• _EXERCISE_:
Repeat only the lines below that run from the line with "Sideview of Machine" to the line with "Strong hairy and", ends included; skip every picture.

• _Image-text web data_:
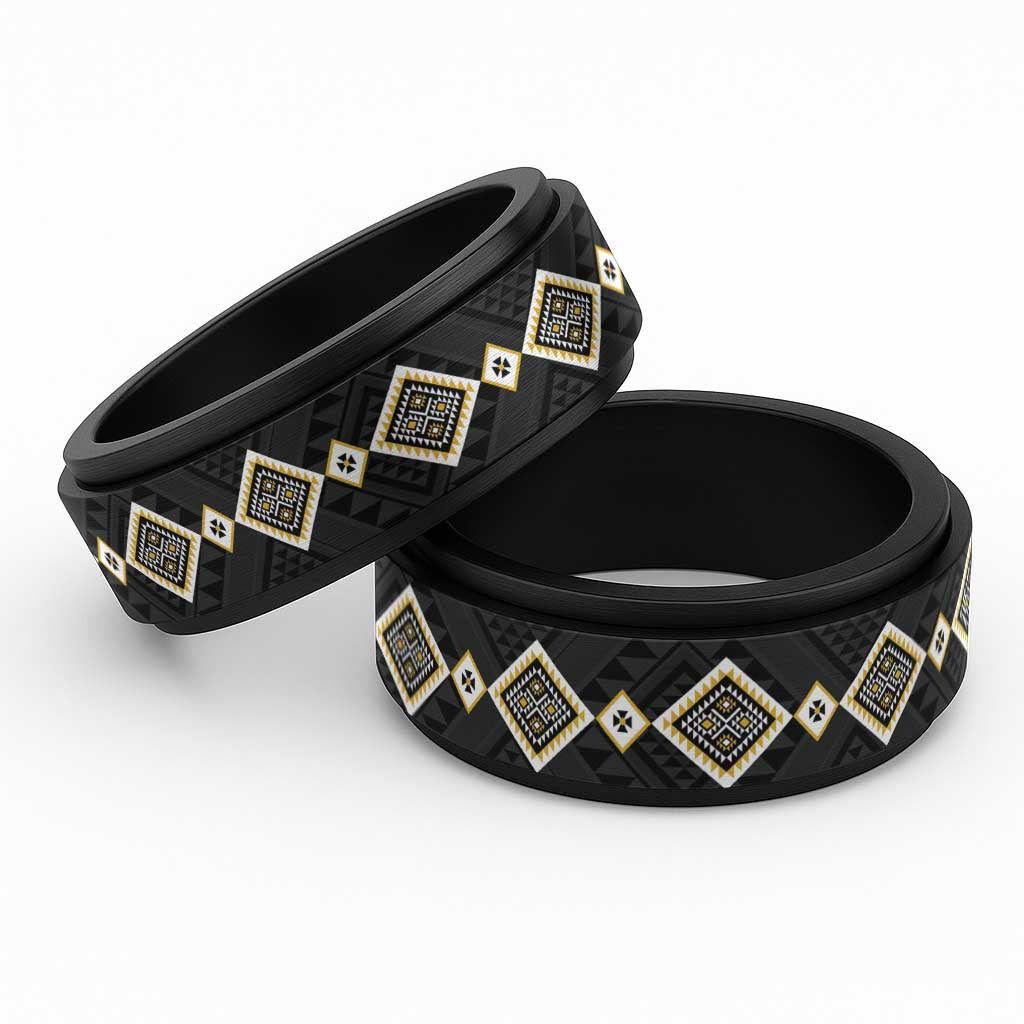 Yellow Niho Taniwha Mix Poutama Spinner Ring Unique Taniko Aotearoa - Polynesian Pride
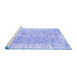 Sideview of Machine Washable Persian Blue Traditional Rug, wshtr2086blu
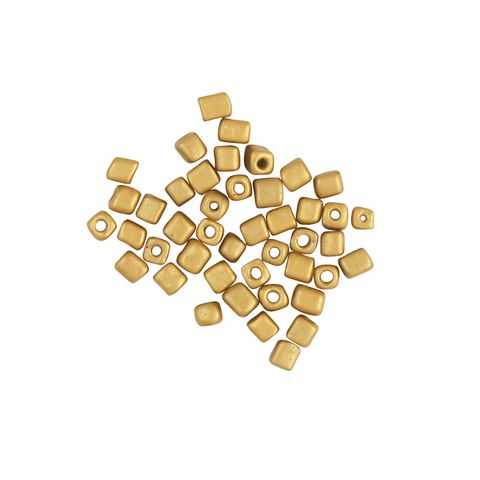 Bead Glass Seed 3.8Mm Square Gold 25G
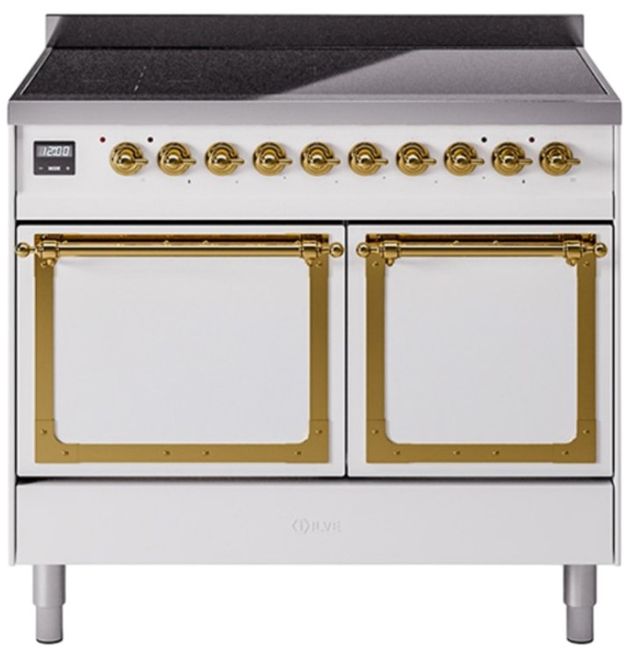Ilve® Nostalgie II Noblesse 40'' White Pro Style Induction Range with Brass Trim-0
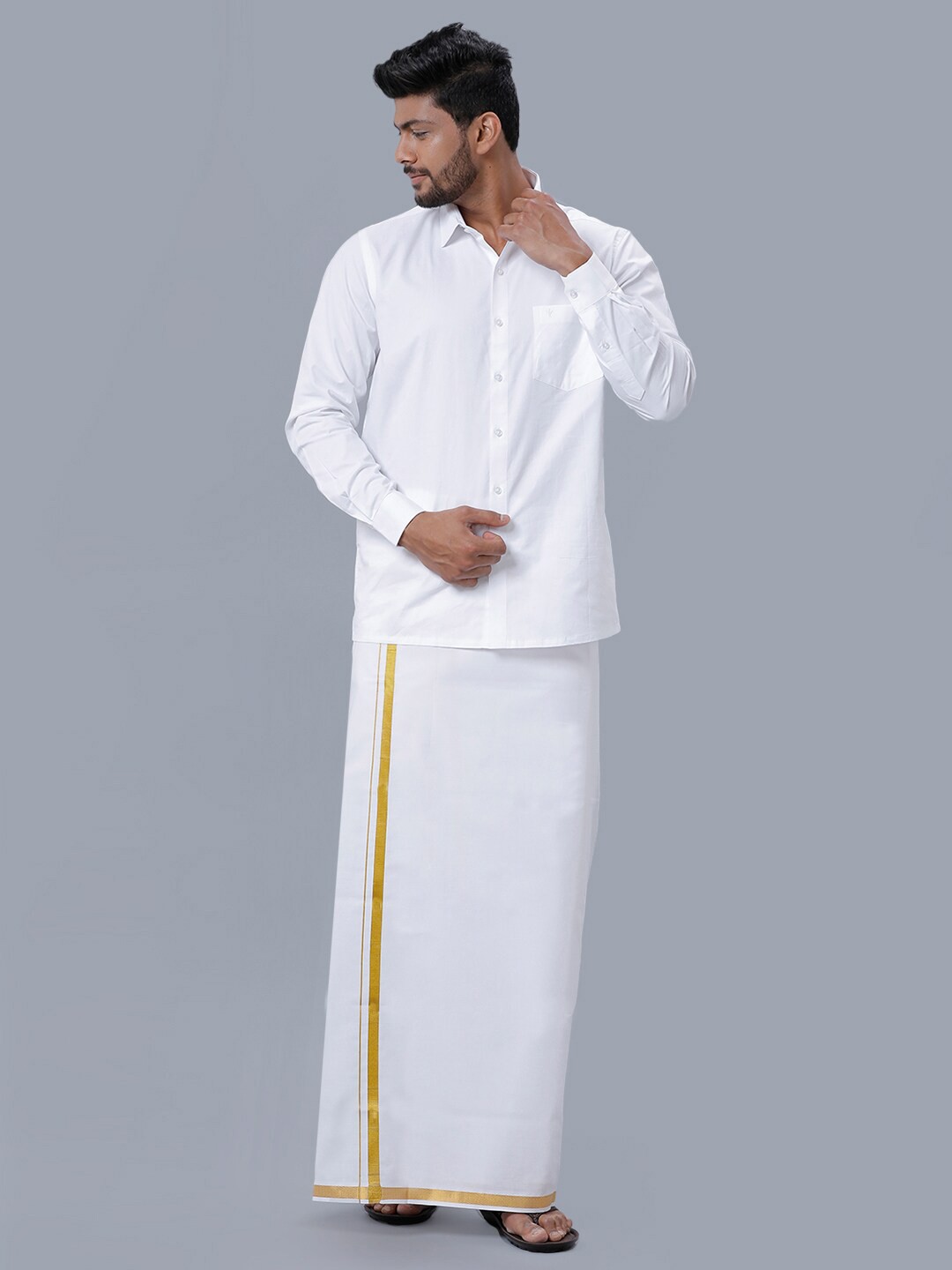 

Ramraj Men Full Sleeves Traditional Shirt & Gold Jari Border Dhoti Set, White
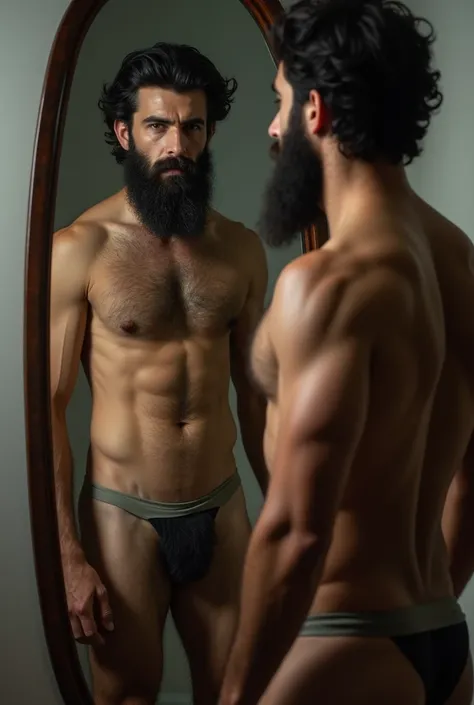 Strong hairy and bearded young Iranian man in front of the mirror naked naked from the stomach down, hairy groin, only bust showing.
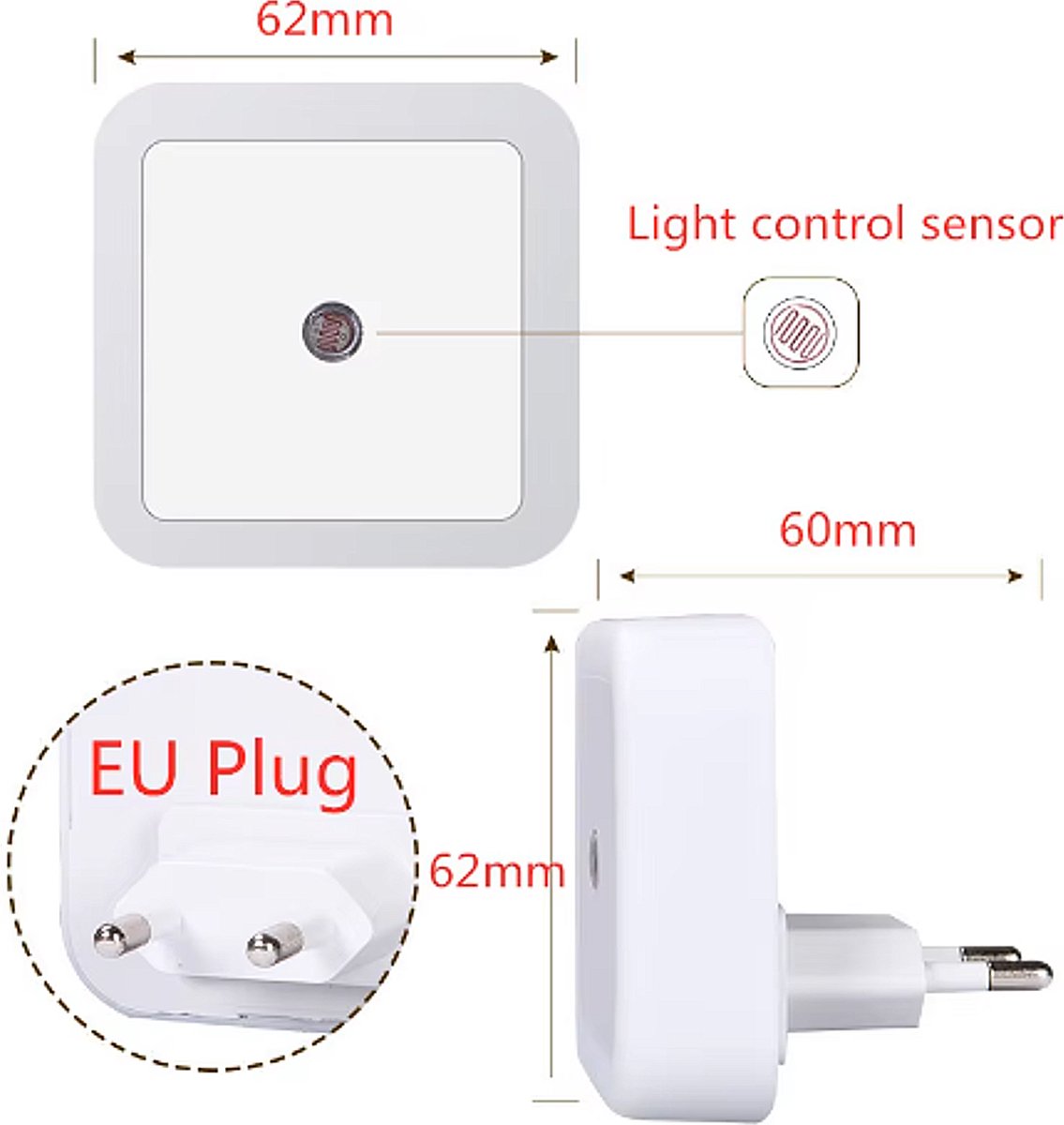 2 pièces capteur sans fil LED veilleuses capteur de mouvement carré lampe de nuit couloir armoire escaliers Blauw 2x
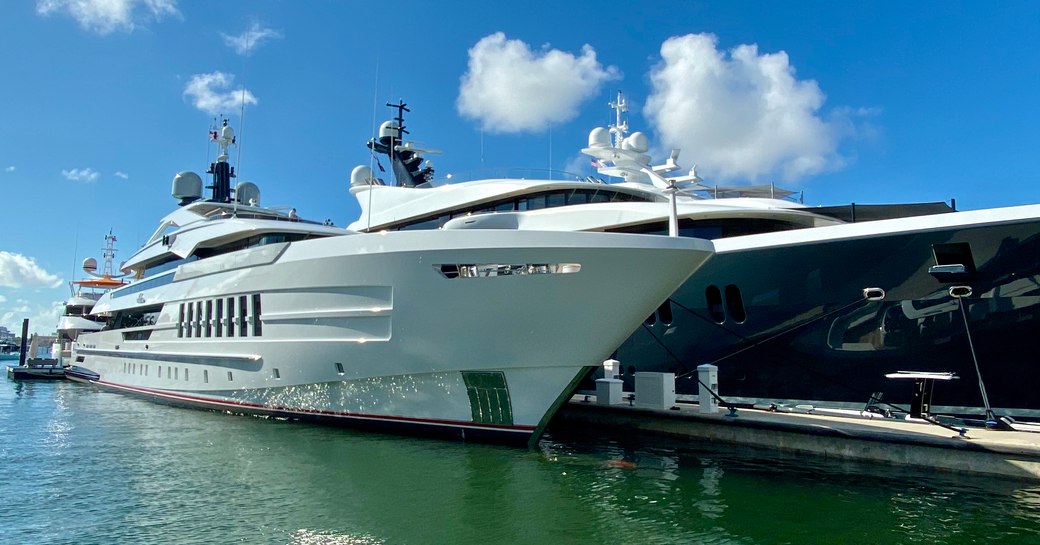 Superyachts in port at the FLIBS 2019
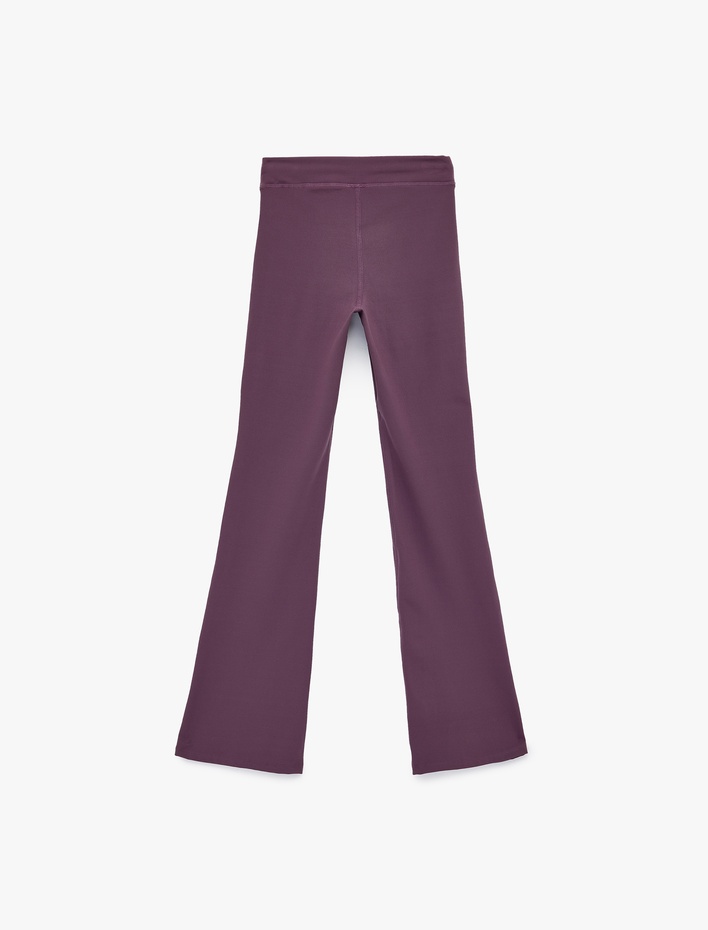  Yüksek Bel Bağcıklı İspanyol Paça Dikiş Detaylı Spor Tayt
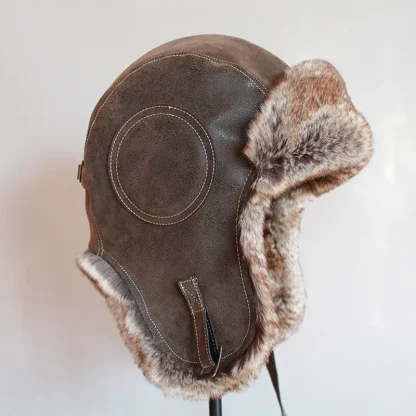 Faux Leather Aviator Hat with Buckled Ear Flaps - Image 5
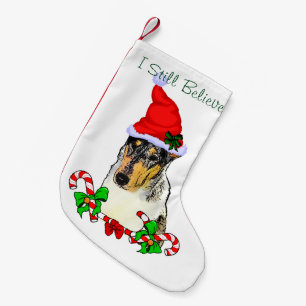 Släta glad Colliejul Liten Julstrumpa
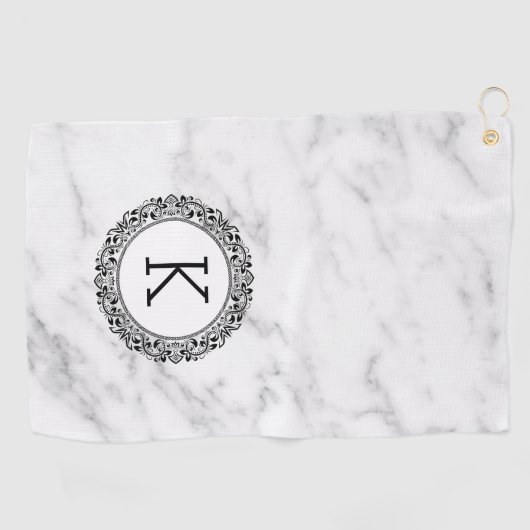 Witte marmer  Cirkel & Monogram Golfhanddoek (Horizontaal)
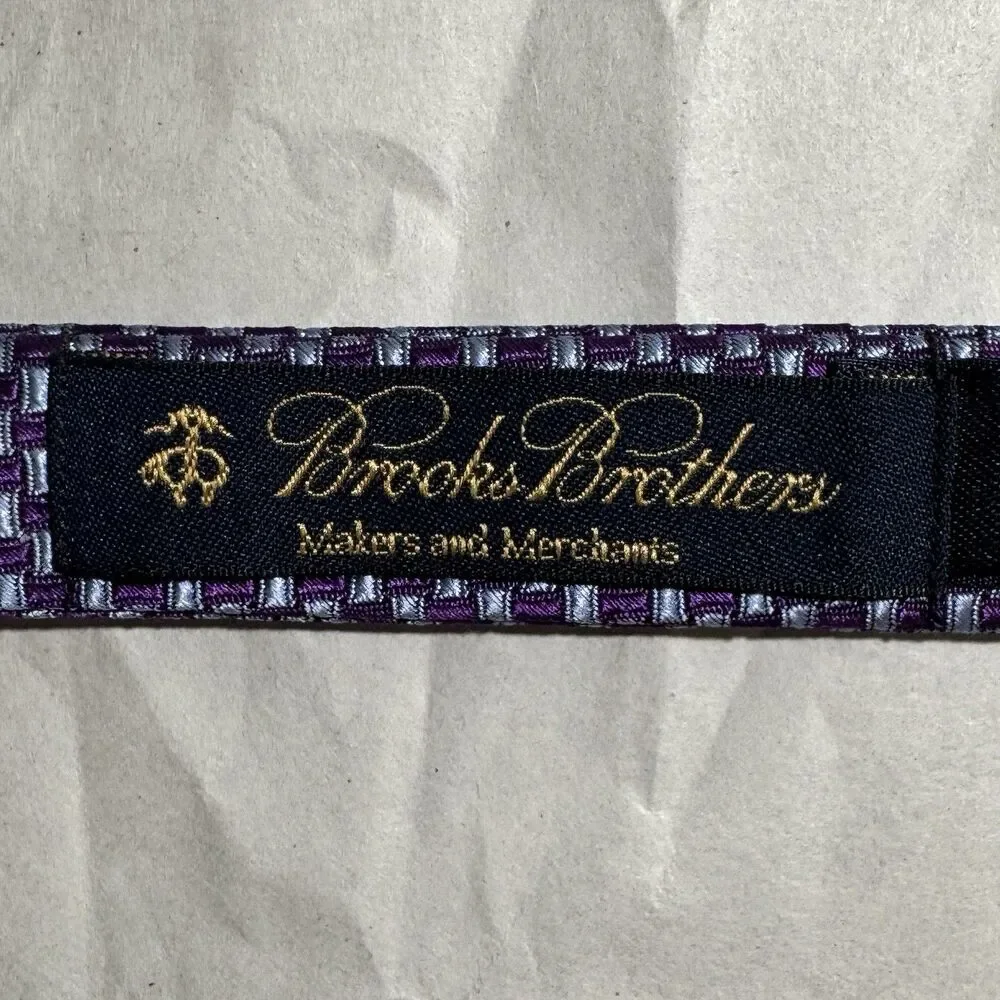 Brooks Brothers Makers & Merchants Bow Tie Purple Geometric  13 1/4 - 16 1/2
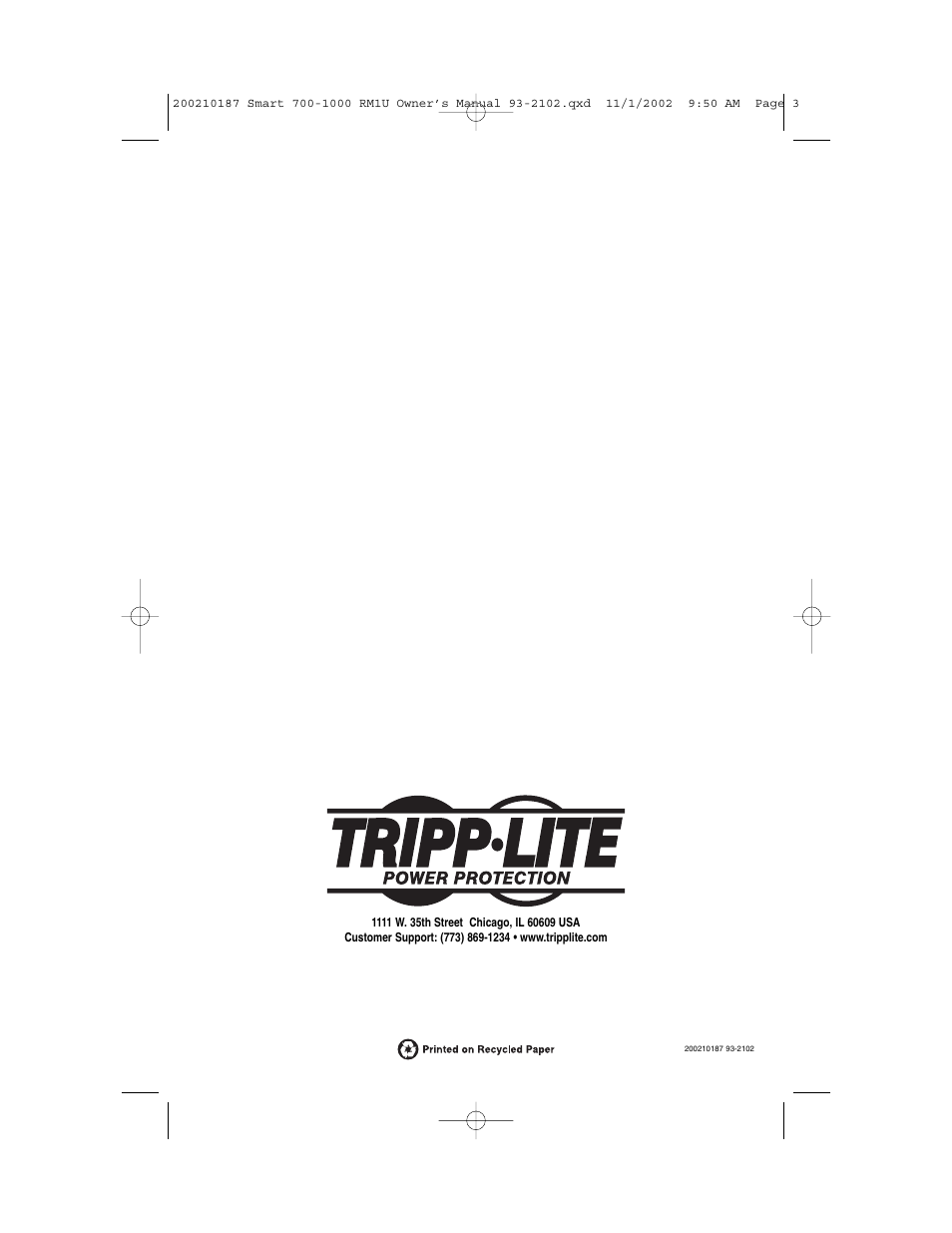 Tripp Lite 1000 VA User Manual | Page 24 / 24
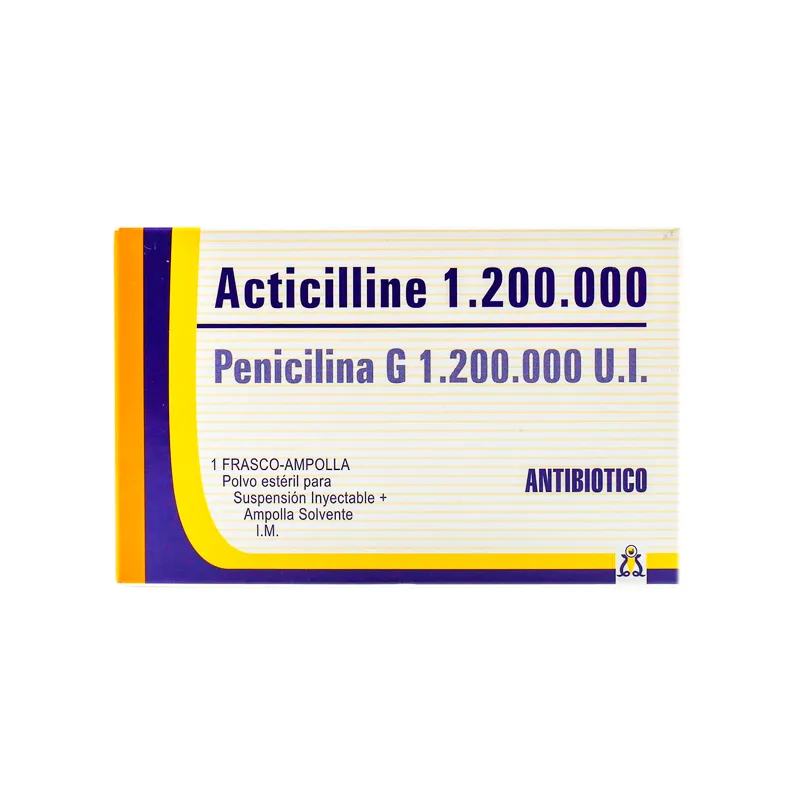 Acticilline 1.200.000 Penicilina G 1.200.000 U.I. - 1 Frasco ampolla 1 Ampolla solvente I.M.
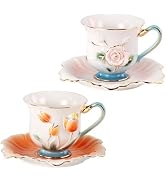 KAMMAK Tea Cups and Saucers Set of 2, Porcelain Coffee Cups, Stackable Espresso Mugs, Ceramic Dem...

• _ANSWER FOR THE TASK_:
 Sideview of Machine Washable Persian Blue Traditional Rug, wshtr2086blu
 Bead Glass Seed 3.8Mm Square Gold 25G
Ilve® Nostalgie II Noblesse 40'' White Pro Style Induction Range with Brass Trim-0

Ramraj Men Full Sleeves Traditional Shirt & Gold Jari Border Dhoti Set, White
 Strong hairy and bearded young Iranian man in front of the mirror naked naked from the stomach down, hairy groin, only bust showing.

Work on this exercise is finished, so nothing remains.